▶ **Exercise inputs**:
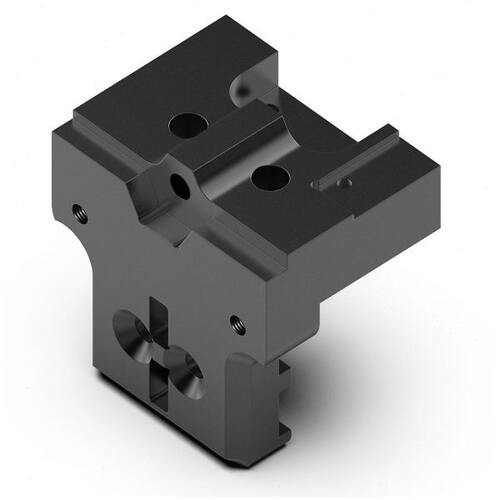 VORON 0.2 金属滑台 导轨固定件和电机背板 防止热端倾斜 - 图2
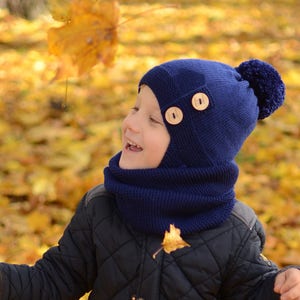 Toddler Boy Winter Hat With Pompom image 2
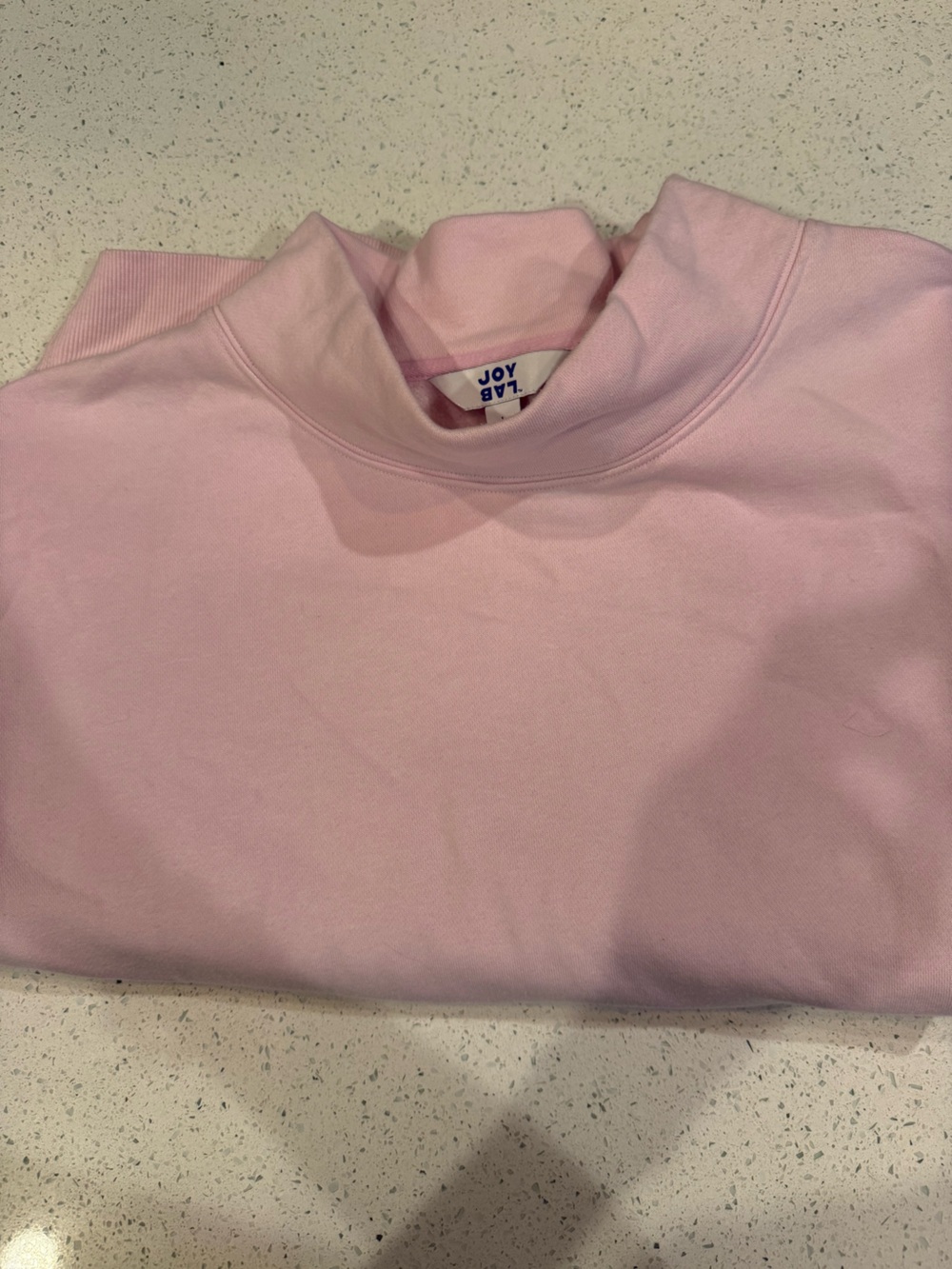 JoyLab Pink Crewneck Sweatshirt - Picture 2 of 4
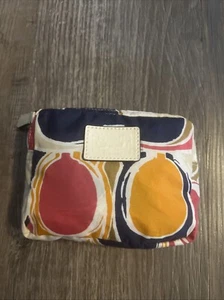 Coach Signature Print faltbar verstaubar Shopper Beuteltasche Y2K C klassisches Design gebraucht, in einwandfreiem Zustand - Bild 1 von 8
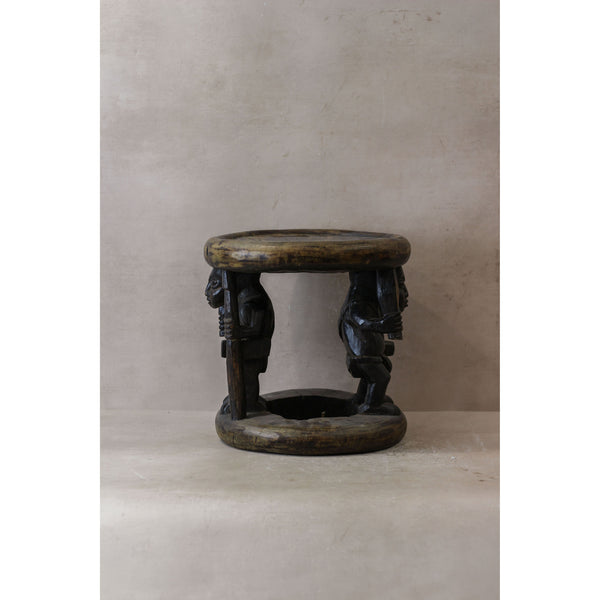 Vintage Baule Wood Side Table 85.4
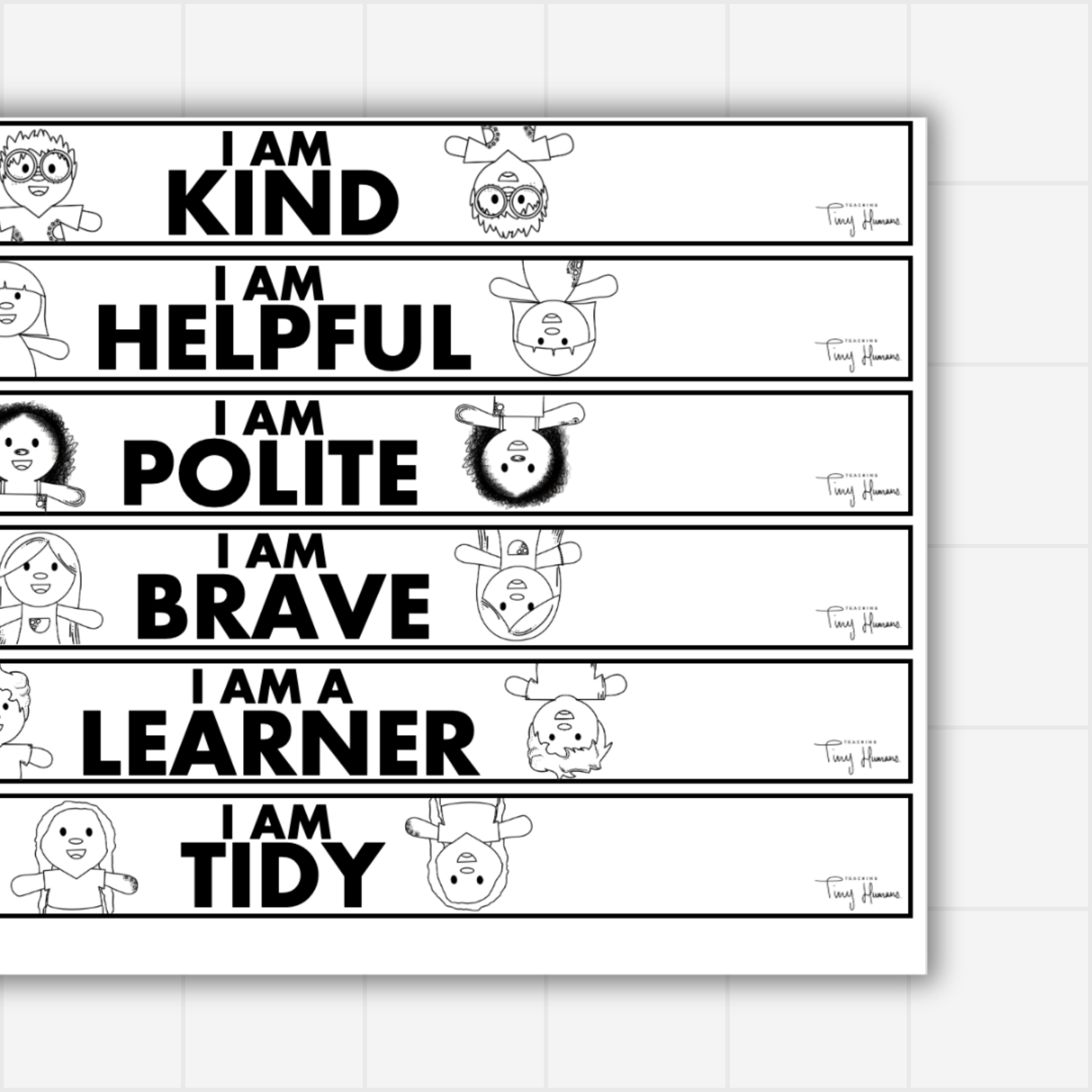 Affirmation Wrist Bands - Teaching Tiny Humans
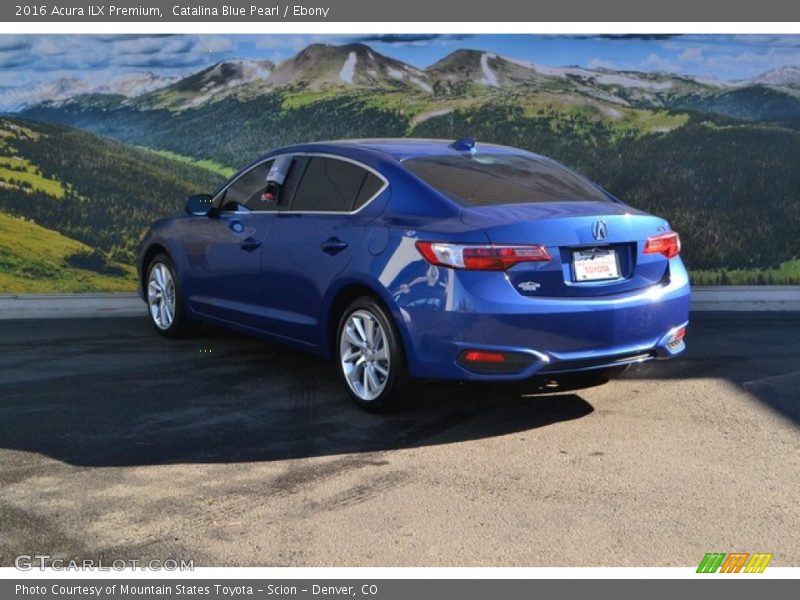 Catalina Blue Pearl / Ebony 2016 Acura ILX Premium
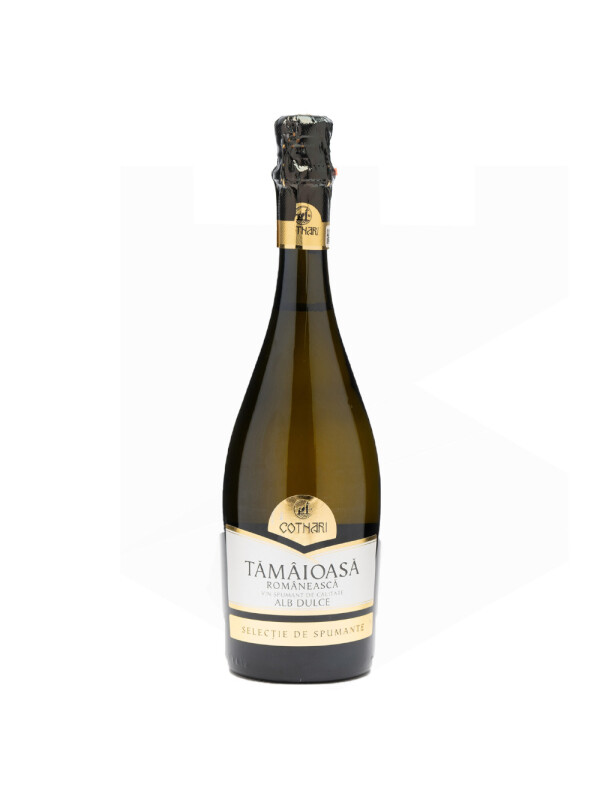 Cotnari - Selectie Spumant Tamaioasa Romaneasca Alb DOC, dulce - 0.75L, Alc: 11%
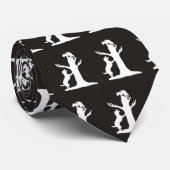 あらいぐまの狩りのタイ ネクタイ (ロール)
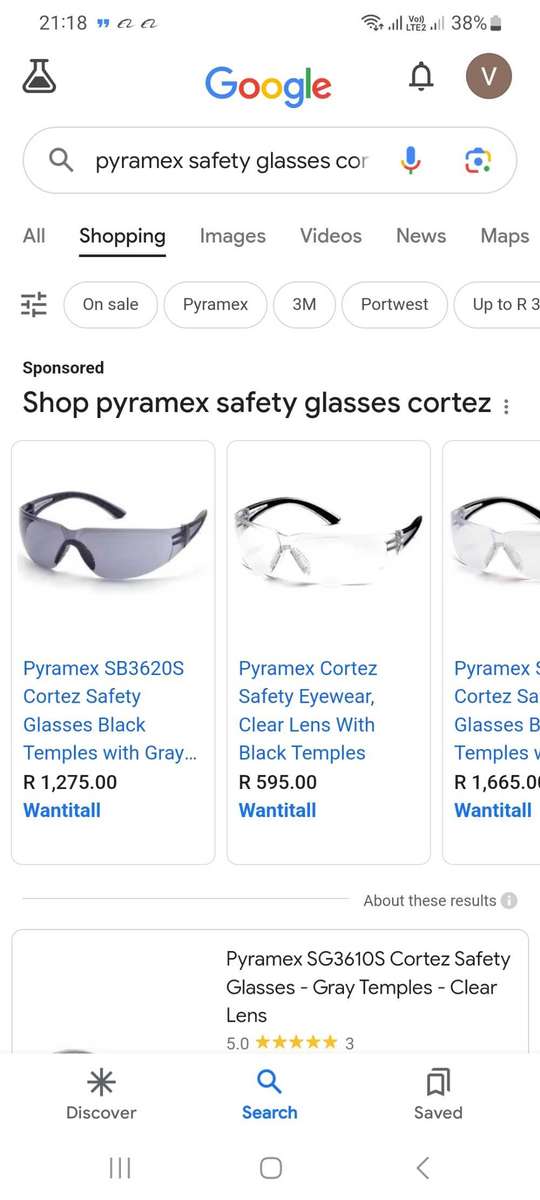 Pyramex Safety Glasses Cortez
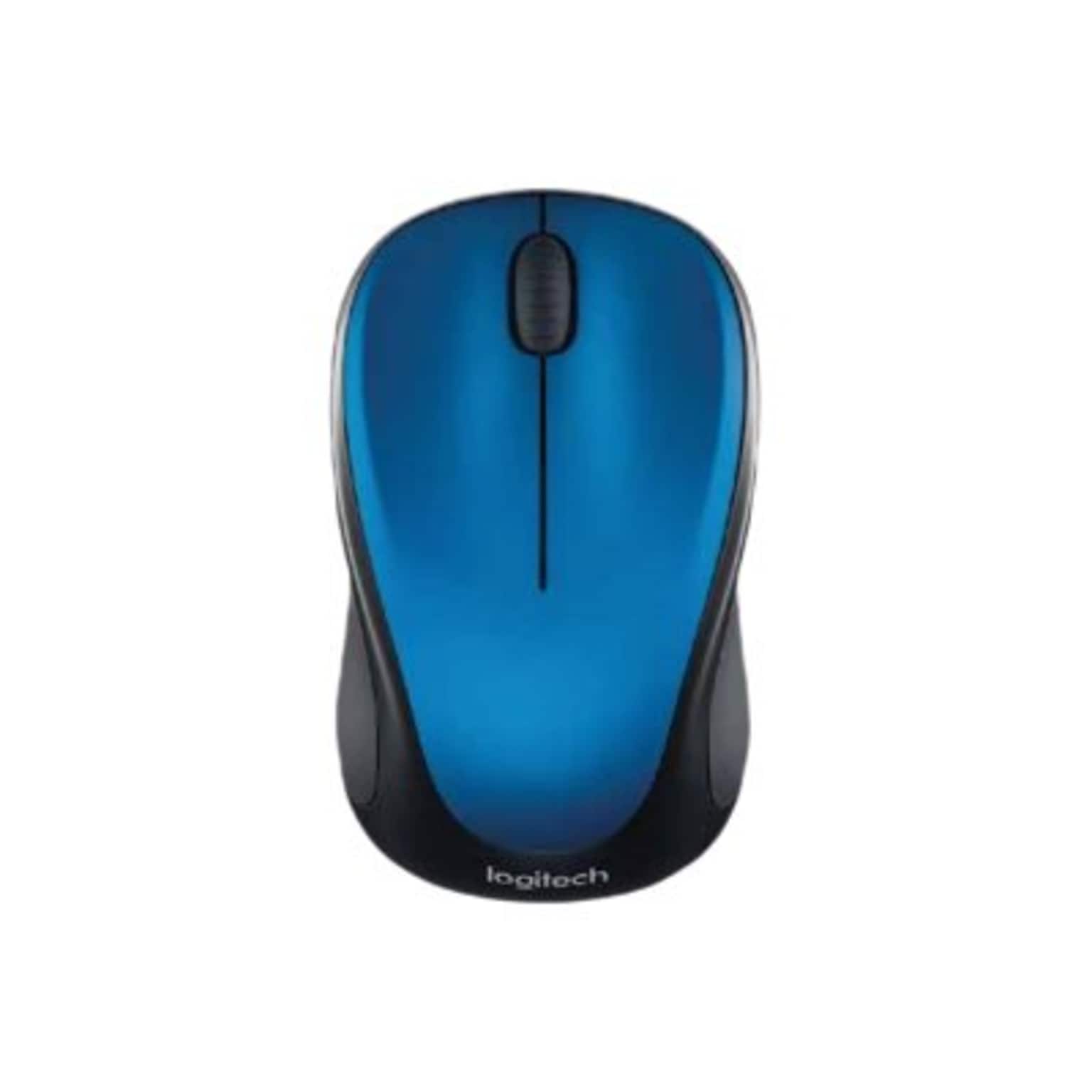 Logitech M317 Wireless Optical Mouse, Steel Blue (910-002901)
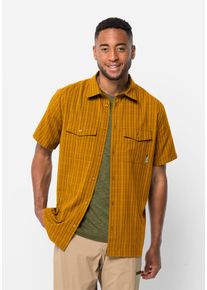 Jack Wolfskin Herren Funktionshemd "THOMPSON SHIRT MEN", gelb, Gr. S, OBERSTOFF: 100% POLYESTER, Hemden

▶ **Try it**:
Reproduce, exactly and with no pictures, the lines from the line containing "Vintage Baule Wood Side Table 85.4" through the closing line of the data above, keeping both ends.

▶ **Answer section**:
 Vintage Baule Wood Side Table 85.4
 Affirmation Wrist Bands - Teaching Tiny Humans
 Catalina Blue Pearl / Ebony 2016 Acura ILX Premium
 Cotnari - Selectie Spumant Tamaioasa Romaneasca Alb DOC, dulce - 0.75L, Alc: 11%
 あらいぐまの狩りのタイ ネクタイ (ロール)
 Pyramex Safety Glasses Cortez
 Logitech M317 Wireless Optical Mouse, Steel Blue (910-002901)
 Jack Wolfskin Herren Funktionshemd "THOMPSON SHIRT MEN", gelb, Gr. S, OBERSTOFF: 100% POLYESTER, Hemden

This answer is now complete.